Consequently, this case must be remanded so that the ALJ may conduct a thorough evaluation of the severity of Plaintiff's digestive disorders at Step Two of the sequential analysis. Regardless of whether the ALJ finds Plaintiff's digestive disorders to be severe on remand, the ALJ should include the effects of this impairment when formulating the RFC.

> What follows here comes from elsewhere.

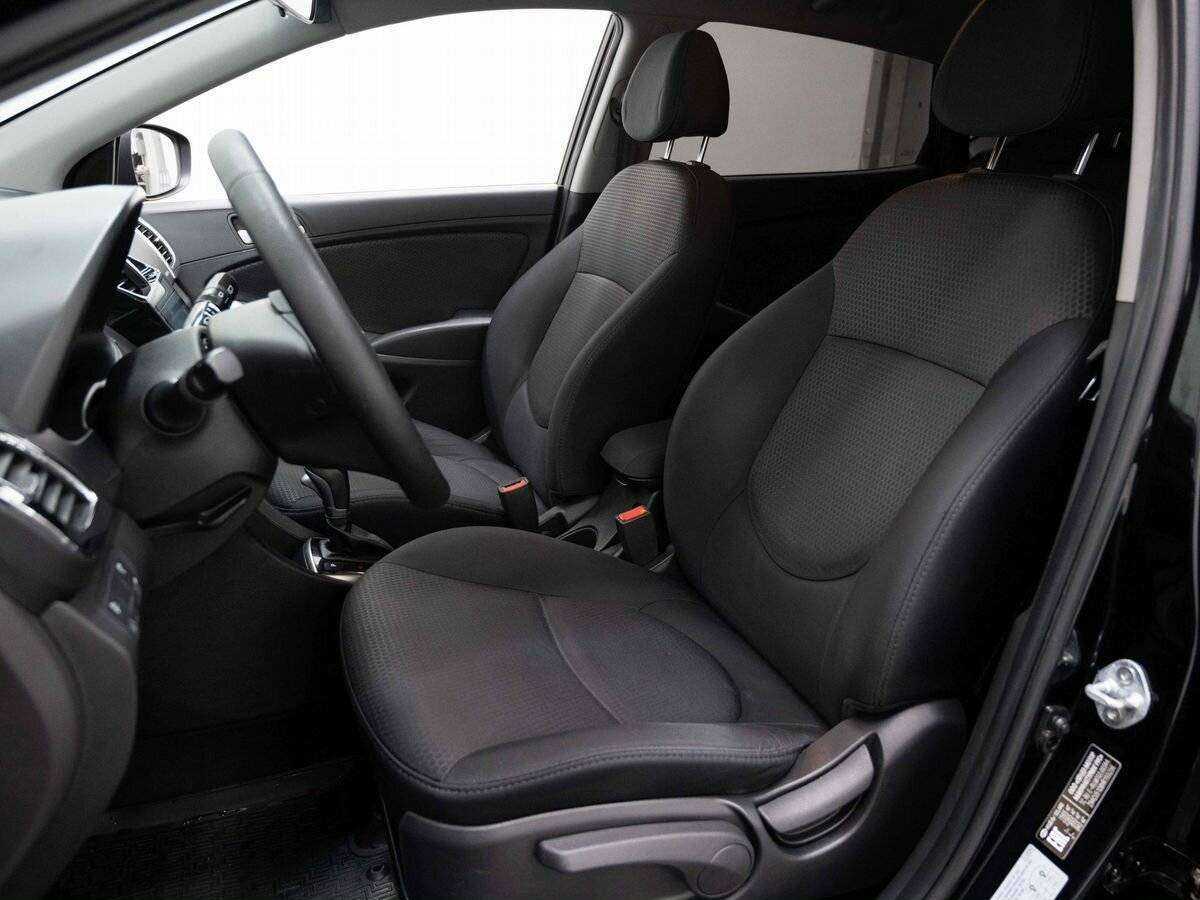 Купить Hyundai Solaris, 2016, 138 787 км.. Фото: #7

Because remand is required, the Court need not reach the remaining issues. See, e.g., Hiler v. Astrue, 687 F.3d 1208, 1212 (9th Cir. 2012) (“Because we remand the case to the ALJ for the reasons stated, we decline to reach [Plaintiff's] alternative ground for remand.”); Berry v. Kijakazi, 2021 WL 4459699, at *9 (E.D. Mo. Sept. 29, 2021) (“Because remand is required, the Court does not address all of Plaintiff's arguments.”).
Accordingly, IT IS HEREBY ORDERED that the decision of the Commissioner of Social Security is REVERSED and that this case is REMANDED under 42 U.S.C. 1383(c)(3) and Sentence Four of 42 U.S.C. § 405(g) for reconsideration and further proceedings consistent with this opinion.